## BRIEF
Write out exactly, and only, the lines below from the line with "Табличка с номером" through the line with "Dienblad - Zee"; pictures do not belong in the copy.

Start of RECORDS PROVIDED

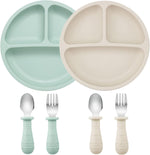 PandaEar Baby Feeding Set front view with green and white plates and utensils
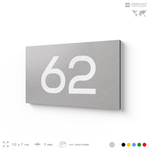 Табличка с номером 62 на дверь квартиры, для офиса, кабинета, аудитории, склада, серая 120х70 мм, Айдентика Технолоджи
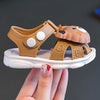 CN Bear Face & Alphabets Brown Soft Sandal 14212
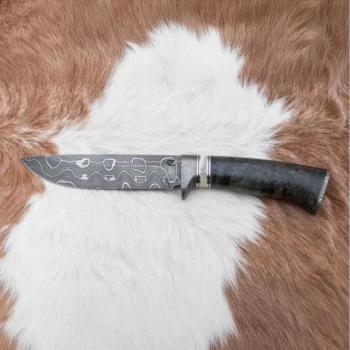 Jiří Čurda Damaszkuszi vadászkés 13,8 cm Nyírfa/tevecsont  kép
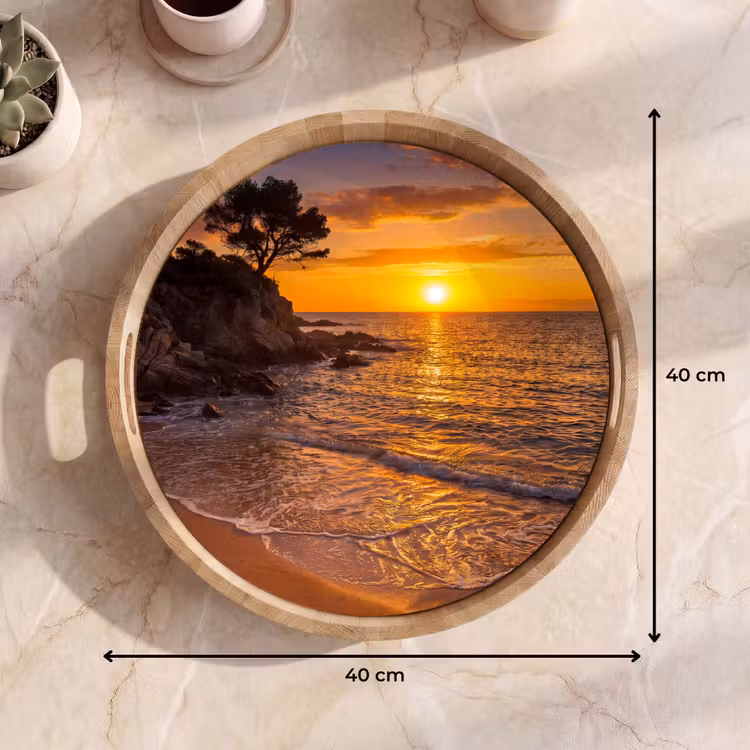 Dienblad - Zee - Kust - Zonsondergang - Natuur - Oranje — 9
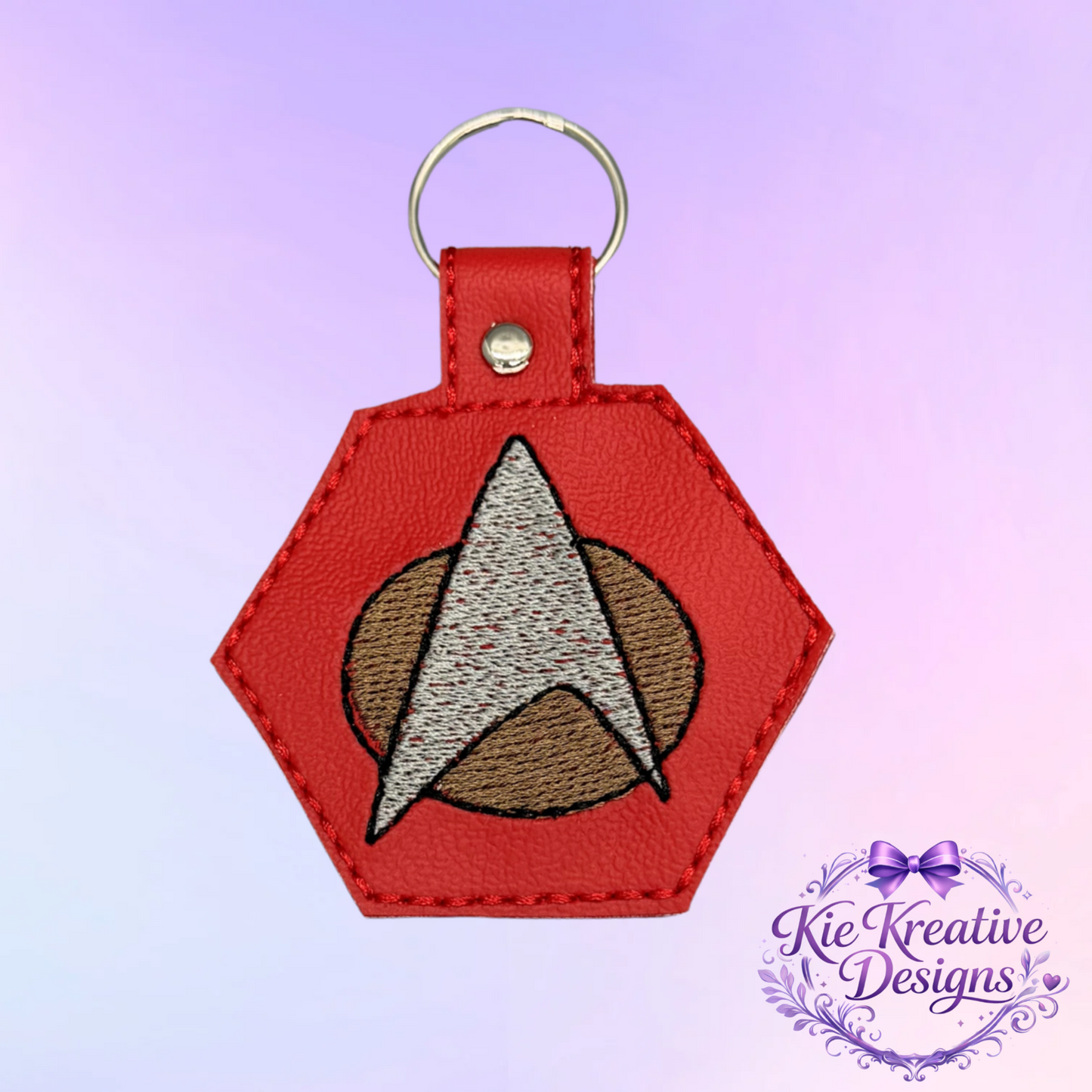 Star Trek Inspired Embroidered Keychain – Sci-Fi Fan Gift – Captain Badge Key Fob – Geek Gift for Him Her – Nerdy Accessory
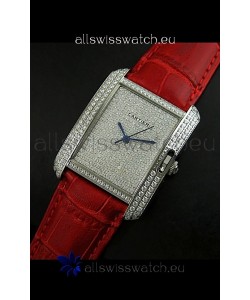 Cartier Tank Anglaise Ladies Replica Watch in Steel/Red Strap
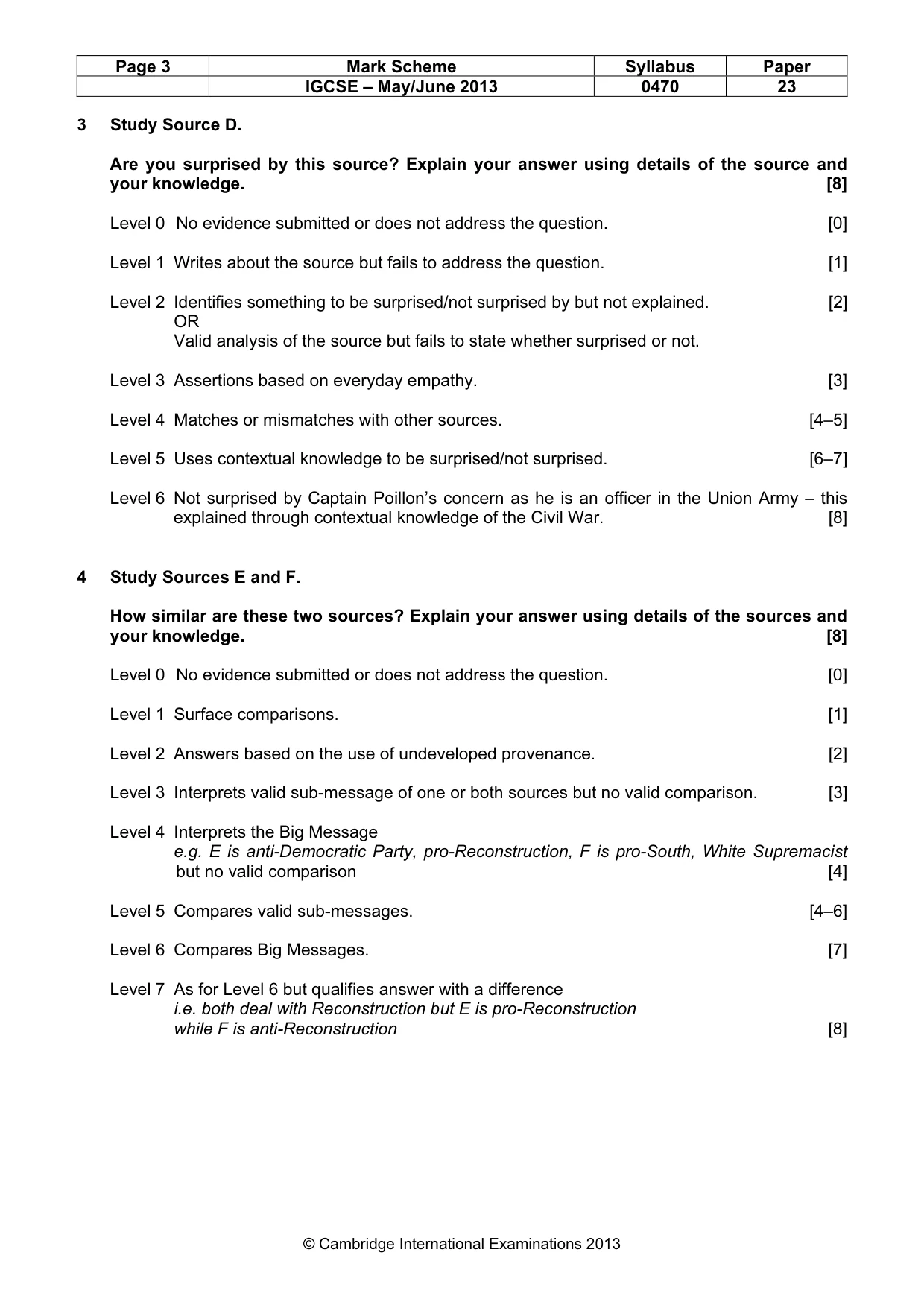 Mark scheme, page 3 of 7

End of RECORDS PROVIDED

## RESPONSE BOX
 Табличка с номером 62 на дверь квартиры, для офиса, кабинета, аудитории, склада, серая 120х70 мм, Айдентика Технолоджи
 CN Bear Face & Alphabets Brown Soft Sandal 14212
 Jiří Čurda Damaszkuszi vadászkés 13,8 cm Nyírfa/tevecsont  kép
 Dienblad - Zee - Kust - Zonsondergang - Natuur - Oranje — 9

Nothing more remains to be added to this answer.